Canada’s Conservatives Advance Police State With Copyright Bill C-61

How in the hell did the conservative Party take control in friendly Canada? I have a theory.

Under more liberal control, people obtain power through consumer protection, and comfort knowing there are social safety nets in place. With that comes power and a certain amount of risk taking, or thinking outside the box. It’s in this state of well being that we are willing to try something new, experiment with a different approach to taxes, personal freedoms and ceding a little more responsibilties to our representatives. But under conservative rules, they are either the authority, or hand control over to their ideology. Thus, the move to conservative authoritarianism. We have seen it in the U.S. under the relatively new concept of the “Unitary Executive.” The all powerful President.

So in Canada, the same power struggle is going on. Conservatives there so trust the power of their ideology that they don’t see the unintended consequences of their simple platitudes.
Case in point, Canada’s Bill C-61.

According to the CBC: The federal government has introduced a controversial
bill it says balances the rights of copyright holders and consumers — but it opens millions of Canadians to huge lawsuits. Liberal industry critic Scott Brison said. "There's a fine line between protecting creators and a police state."

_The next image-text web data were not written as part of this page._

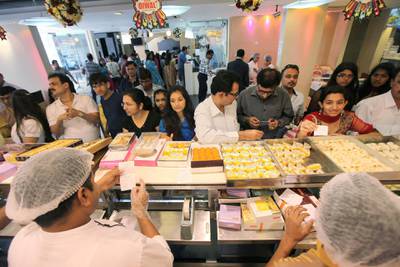 DUBAI , UNITED ARAB EMIRATES  –  Nov 13 :  People buying sweets on Diwali festival at the Bikanervala restaurant & sweet shop in Karama in Dubai. ( Pawan Singh / The National ) For News.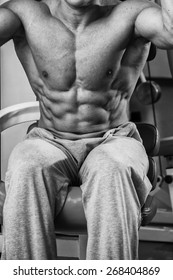 The process of physical exercise . The man is engaged in the gym. Training in the gym. Healthy lifestyle. Photo in creative.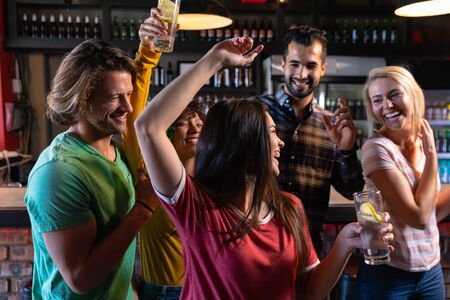 Front view of a group of five multi-ethnic male and female friends at the bar in a pub holding drinks, dancing and having fun and celebrating, two women with arms in the air and all of them smiling and laughing togetherの写真素材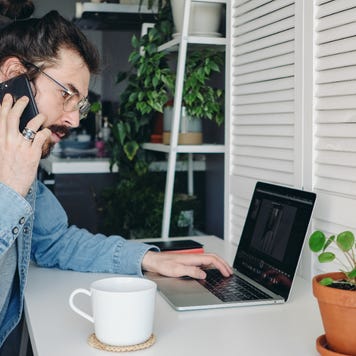 A man does research on his laptop.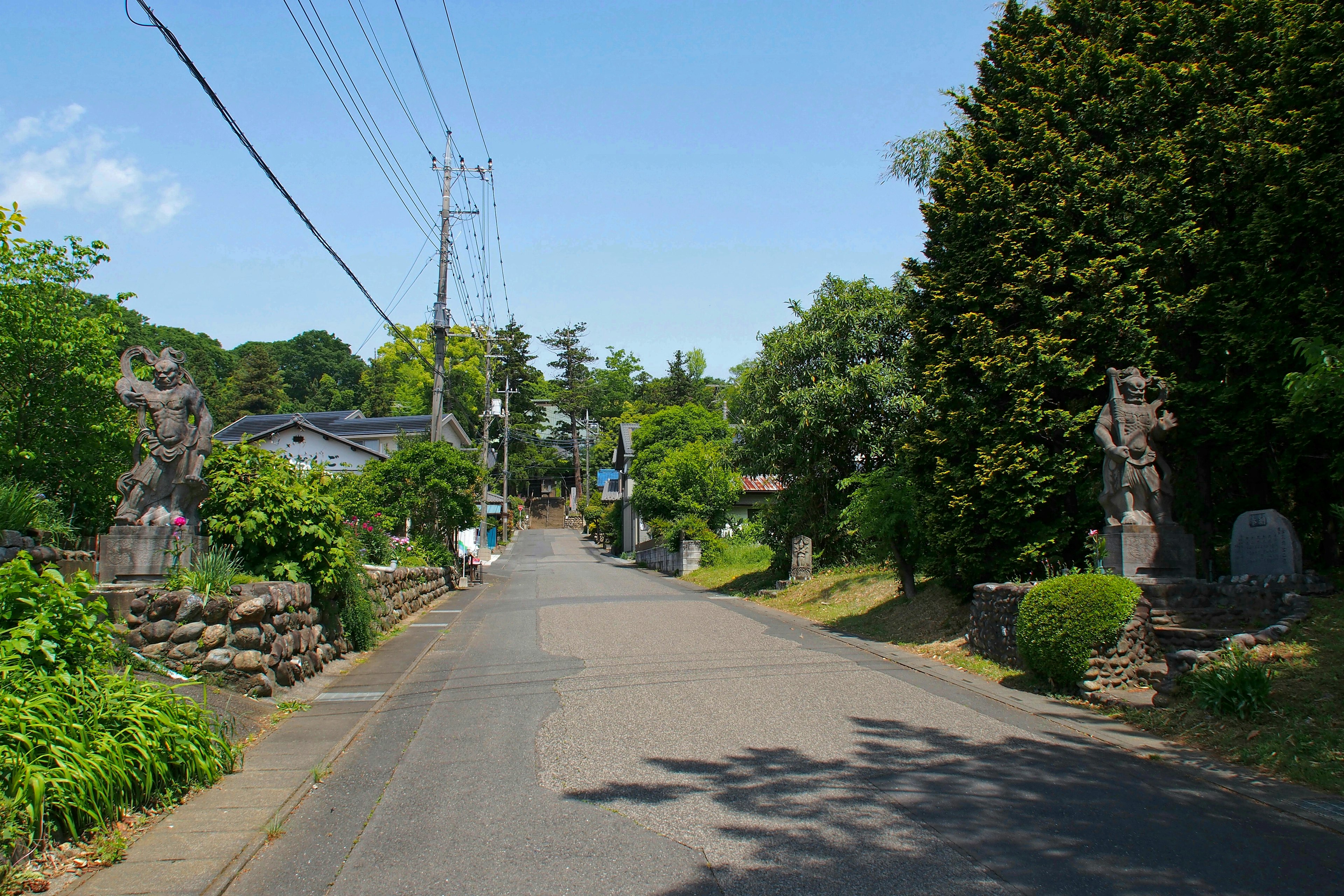 Quiet street lined with greenery and stone statues under a clear blue sky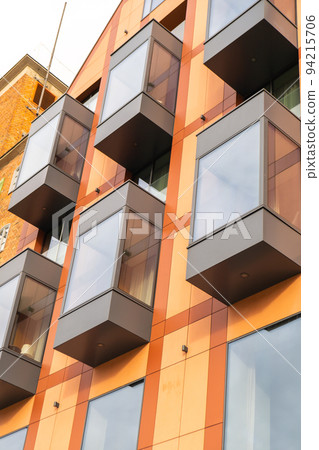 Modern buildings on Granary Island over the Motlawa River in Old Town. Abstract structure. Creative photo Tourism on the Motlawa River. New Apartments architecture glass windows with reflections Modern buildings on Granary Island over the Motlawa River in Old Town. Abstract structure. Creative photo Tourism on the Motlawa River. New Apartments architecture glass windows with reflections 94215706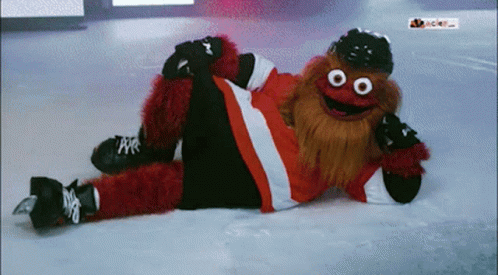 A Mascot Is Laying On The Ice Wearing A Hat And Gloves GIF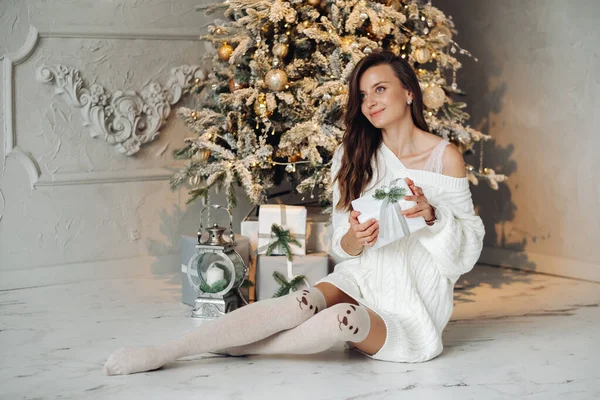 Pretty woman holding Christmas gifts near decorated tree — Stock Photo, Image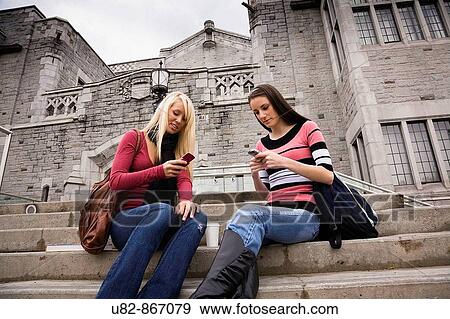 Two female college students sitting on the steps of a building texting on the cell phones, University of British Columbia, Vancouver, BC, Canada View Large Photo Image Stock Photo - Two female college students sitting on the steps of a building texting on the cell phones, University of British Columbia, Vancouver, BC, Canada. Fotosearch
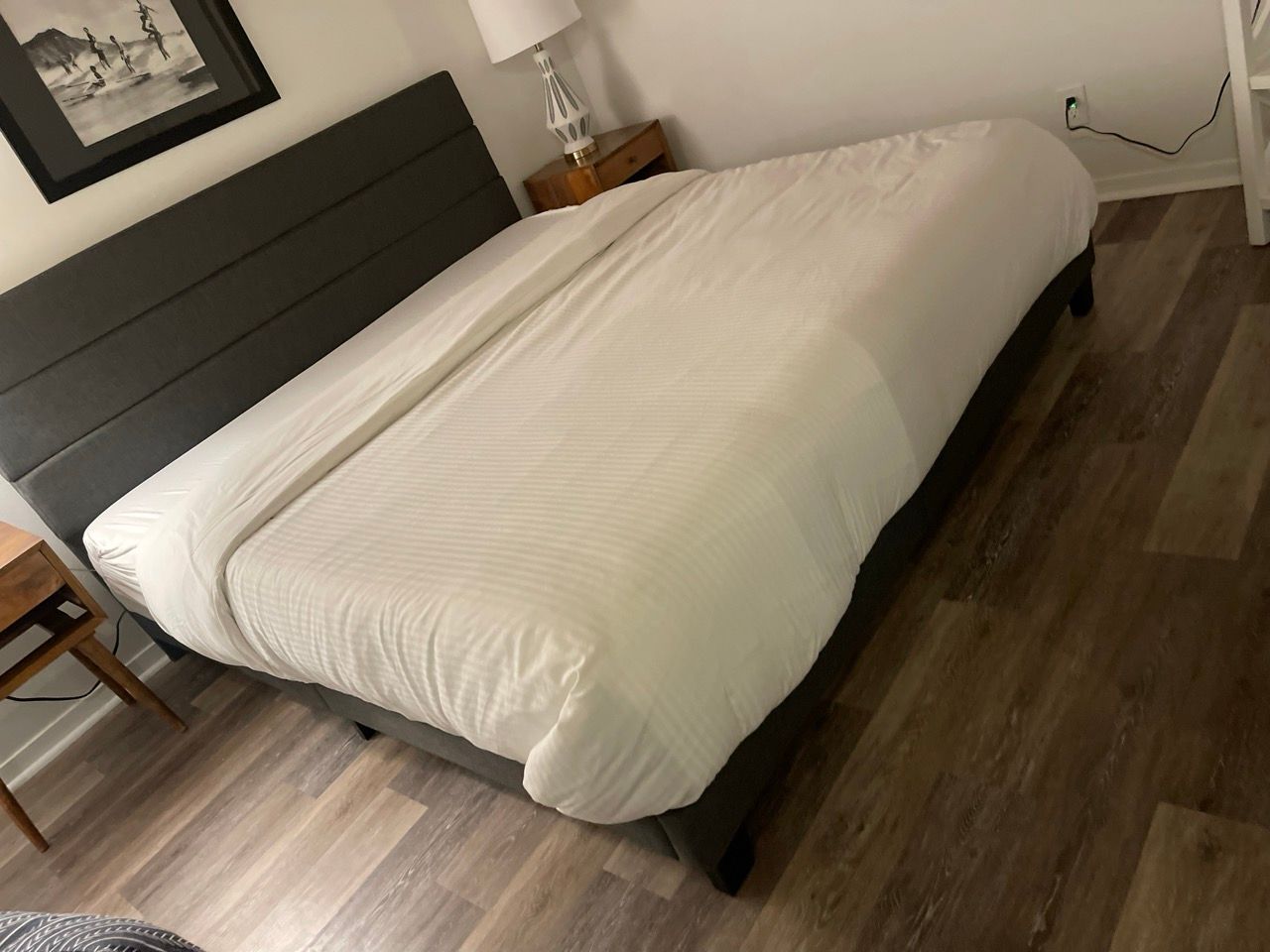 A hotel room with a bed and a lamp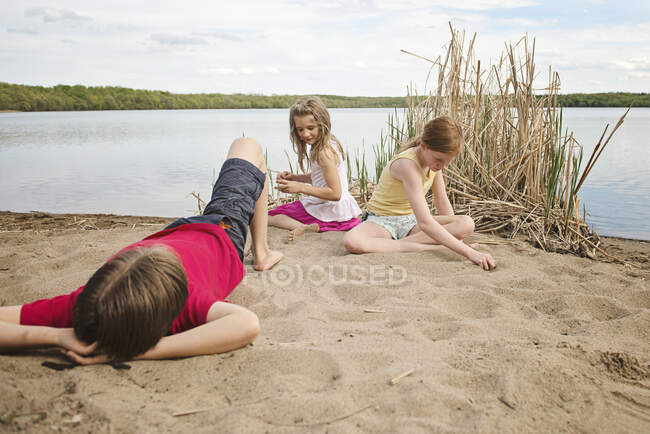 Enfants jouant au bord d'un lac — Photo de stock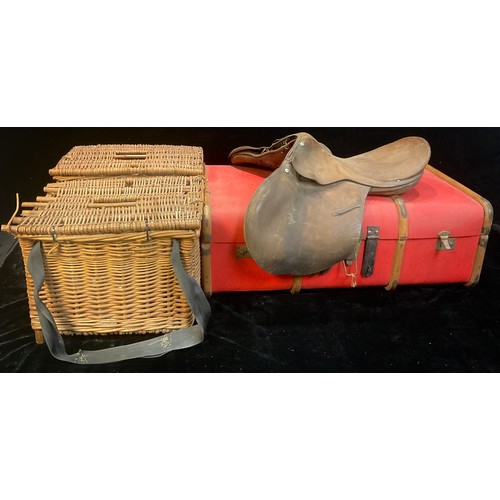 828 - A wood bound steamer trunk; a leather saddle; a wicker fishing basket; another (4)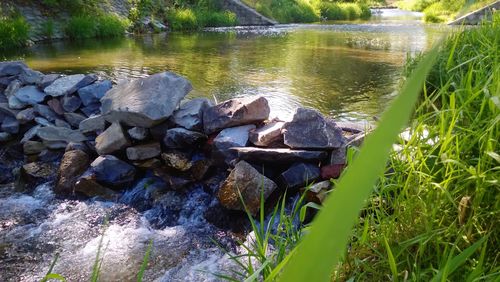 Stream flowing through rocks in lake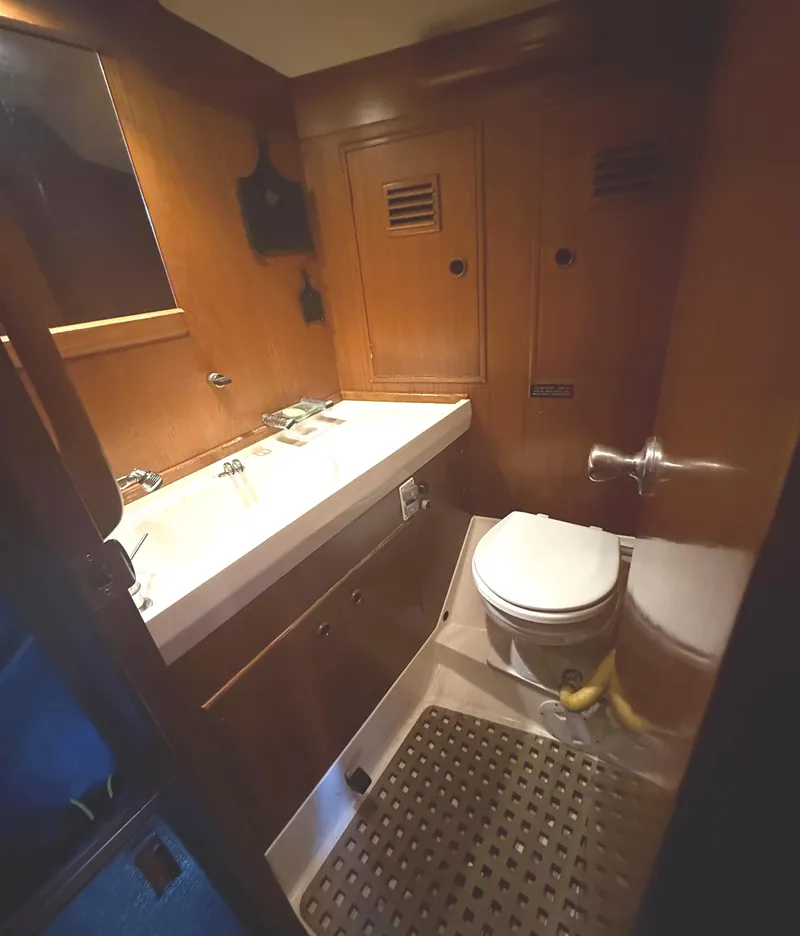 Slide: The Image of 1984 Nautor Swan 391 yacht bathroom with wooden cabinetry and modern fixtures. - 21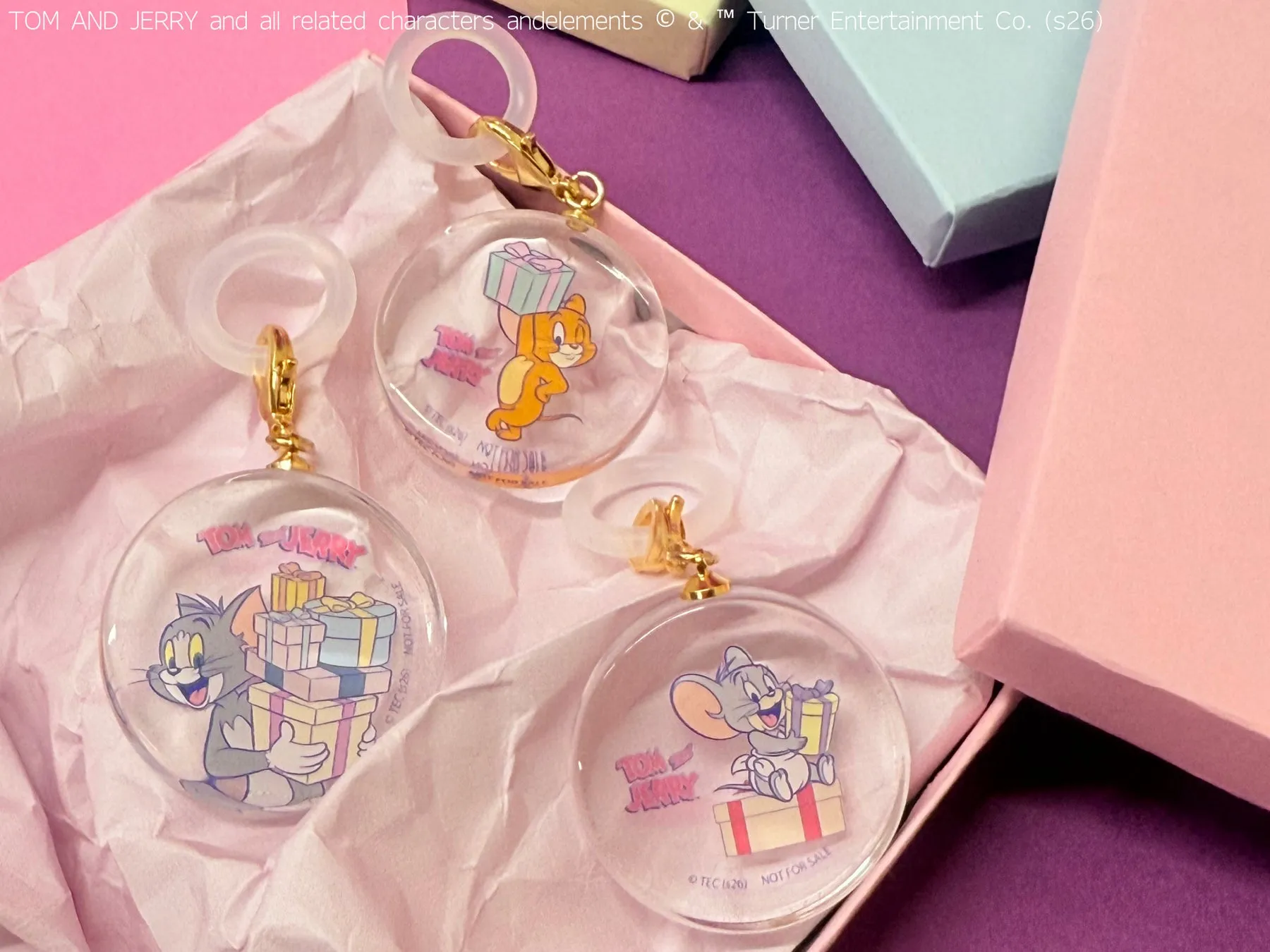 トムとジェリーのキャラクターが描かれたキーホルダーの写真です。キーホルダーは、プレゼントを持ったトムとジェリーが描かれており、ピンクのギフトボックスと紙に囲まれています。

Bill C-61 contains an anti-circumvention clause that will make it illegal to break digital locks on copyrighted material. That means TiVos and other personal video recorders (PVRs) will be made useless if television broadcasters choose to put technical locks on their shows so they can't be recorded. People caught downloading music or video files illegally could also be sued for a maximum of $500, but uploading a file to a peer-to-peer network or YouTube could result in lawsuits of $20,000 per file. Minister of Industry Jim Prentice deflected questions about potential lawsuits by saying, "You can get into hypothetical situations…"

Critics feared the bill will mirror the U.S. Digital Millennium Copyright Act (DMCA), which similarly brought in restrictive measures and opened the door for copyright owners to enact huge lawsuits against violators. University of Ottawa internet and e-commerce Prof. Michael Geist, an outspoken critic of the bill said, "Those rules are quite clearly 'Born in the USA.'"

Isn’t it nice to know other countries are using U.S. law as a "what not to do" example.